В то утро я пришел очень рано; Вэнс еще не вставал, и, просмотрев счета на первое число месяца, я лениво курил трубку, пока он завтракал.

Едва Вэнс налил себе вторую чашку кофе, как в дверях с переносным телефоном в руках появился Карри, его старый камердинер и поверенный во всех делах.

– Это звонит мистер Маркхэм, сэр, – извиняющимся тоном сказал старик. – Он требовал вас очень настойчиво, поэтому я и осмелился сообщить ему, что вы дома.

Он поставил аппарат на столик.

– Хорошо, Карри, – тихо произнес Вэнс и взял трубку. – Пусть хоть кто-нибудь нарушит эту дьявольскую скуку. – И он заговорил с Маркхэмом: – Ну что, старина, не спишь? А я ем яичницу, хочешь присоединиться? Или просто решил услышать мой голос?

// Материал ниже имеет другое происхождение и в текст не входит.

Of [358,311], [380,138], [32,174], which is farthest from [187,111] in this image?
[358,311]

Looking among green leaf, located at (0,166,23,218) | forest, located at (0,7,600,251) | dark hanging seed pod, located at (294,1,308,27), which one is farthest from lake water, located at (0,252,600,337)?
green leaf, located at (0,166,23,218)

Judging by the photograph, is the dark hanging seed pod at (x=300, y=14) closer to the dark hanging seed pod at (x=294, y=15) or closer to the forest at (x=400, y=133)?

Вдруг он замолчал, и с его худощавого лица исчезло шутливое выражение. Внешне Вэнс был типичным северянином: длинное лицо с резкими чертами, серые, широко расставленные глаза, узкий орлиный нос и прямой удлиненный подбородок. Красиво очерченный рот выделялся на его бледном лице. Но была в нем черта какой-то циничной жестокости, делавшая его больше похожим на обитателя средиземноморского побережья, чем севера. Лицо его, волевое и привлекательное, нельзя было назвать красивым. Это скорее лицо мыслителя, отшельника, и строгость его выражения подчас мешала Вэнсу в общении с окружающими.

Вэнс был флегматичен по природе и приучил себя к сдержанности в проявлении чувств, но в это утро я заметил, что он не в состоянии скрыть жадного интереса к тому, о чем говорилось по телефону. Лоб его наморщился. В глазах мелькнуло изумление. Время от времени он давал выход своим эмоциям любимыми восклицаниями: «изумительно!», «необычайно!», «честное слово!».

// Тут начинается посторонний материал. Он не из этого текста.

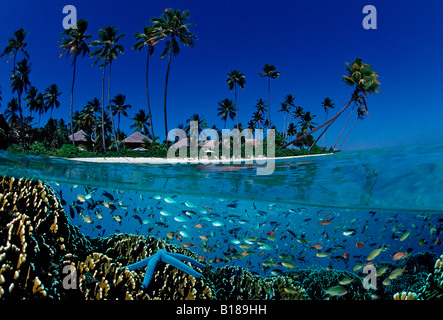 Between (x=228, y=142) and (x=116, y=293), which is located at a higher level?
(x=228, y=142)

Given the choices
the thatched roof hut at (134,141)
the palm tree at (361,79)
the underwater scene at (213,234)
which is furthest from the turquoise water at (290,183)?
the thatched roof hut at (134,141)

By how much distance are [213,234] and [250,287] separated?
236 centimetres

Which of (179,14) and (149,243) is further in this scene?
(179,14)

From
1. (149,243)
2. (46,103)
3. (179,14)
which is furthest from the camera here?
(46,103)

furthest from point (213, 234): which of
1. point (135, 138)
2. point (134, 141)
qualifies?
point (135, 138)

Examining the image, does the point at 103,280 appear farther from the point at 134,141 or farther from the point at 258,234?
the point at 134,141

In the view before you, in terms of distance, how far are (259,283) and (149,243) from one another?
3.65m

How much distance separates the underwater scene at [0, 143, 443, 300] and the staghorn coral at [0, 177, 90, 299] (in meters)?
0.02

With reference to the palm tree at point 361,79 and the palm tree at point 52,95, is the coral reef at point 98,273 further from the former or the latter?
the palm tree at point 52,95

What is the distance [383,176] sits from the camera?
8.38 m

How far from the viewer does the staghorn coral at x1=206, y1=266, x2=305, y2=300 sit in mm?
7938

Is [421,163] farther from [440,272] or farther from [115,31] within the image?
[115,31]

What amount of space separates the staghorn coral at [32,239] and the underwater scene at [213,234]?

Когда через несколько минут он заговорил сам, в его речи чувствовалось странное возбуждение.

– О, конечно! – заявил он. – Это, право, безумно. Сейчас оденусь. До свидания. – Положив трубку на рычаг, он позвонил: – Подай мне серый костюм, – приказал он Карри, – темный галстук и шляпу. – Потом он опять принялся за яичницу, а через несколько мгновений вопросительно посмотрел на меня: – Вы знаете что-нибудь о стрельбе из лука, Ван? – спросил он.

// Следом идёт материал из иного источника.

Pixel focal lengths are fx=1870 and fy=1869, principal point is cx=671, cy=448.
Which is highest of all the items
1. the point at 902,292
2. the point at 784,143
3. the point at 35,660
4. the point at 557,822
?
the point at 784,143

Я, конечно, не знал ничего, кроме того, что надо было пускать стрелы в мишень, о чем и сказал ему.

– Ну, вы не очень-то осведомлены. – Он лениво закурил папиросу. – Я и сам не считаю себя авторитетом в этой области, но в Оксфорде немного упражнялся в стрельбе из этого средневекового оружия. Не такая уж интересная забава, гораздо скучнее, чем гольф, и столь же сложная. – Некоторое время он мечтательно курил. – Ван, будьте добры, принесите мне том словаря, где написано о стрельбе из лука.

Я принес книгу, и почти на полчаса он погрузился в чтение раздела о стрелковых обществах, турнирах, состязаниях и знаменитых американских лучниках. Наконец он закончил и выпрямился в кресле. Очевидно, он нашел что-то смутившее его и заставившее напрячься его острый ум.

– Это просто ерунда какая-то, Ван, – промолвил он, устремив глаза в потолок. – Средневековая трагедия в современном Нью-Йорке! Клянусь Юпитером! – Он внезапно привстал. – Нет, это совершеннейший абсурд. Маркхэм сообщил мне нечто безумное, а я поддался. – Он выпил еще кофе, но по выражению его лица я видел, что он не может освободиться от своей навязчивой идеи. – Окажите еще одну услугу, Ван, – наконец произнес он. – Принесите мне немецкий словарь и собрание стихотворений Стивенсона.

Когда я принес оба тома, он посмотрел какое-то слово в словаре и отложил книгу в сторону.

– К несчастью, все именно так, хотя я заранее знал это.

Потом он отыскал в толстом томе Стивенсона раздел стихотворений для детей. Через несколько минут Вэнс закрыл эту книгу и, вытянувшись в кресле, стал пускать в потолок длинные ленты дыма.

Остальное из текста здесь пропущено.